# TRY IT
With the pictures left out, print exactly the lines below that run from the one containing "Abrigo negro de lana Gerard Darel - vista 11" through the one containing "Used 2023 Toyota Tundra 1794 Edition".

# SUPPLIED DATA
——
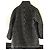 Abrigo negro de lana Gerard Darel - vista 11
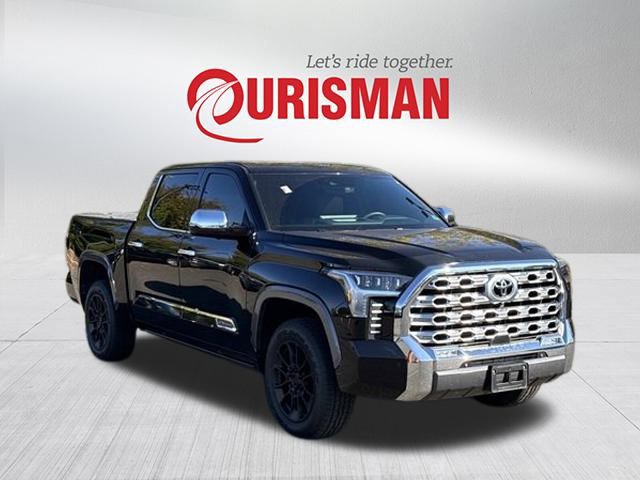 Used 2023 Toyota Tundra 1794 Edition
——
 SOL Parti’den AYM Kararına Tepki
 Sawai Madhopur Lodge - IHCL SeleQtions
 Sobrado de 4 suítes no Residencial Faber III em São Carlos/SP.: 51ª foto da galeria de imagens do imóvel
——
# FINISHED TASK
 Abrigo negro de lana Gerard Darel - vista 11
 Used 2023 Toyota Tundra 1794 Edition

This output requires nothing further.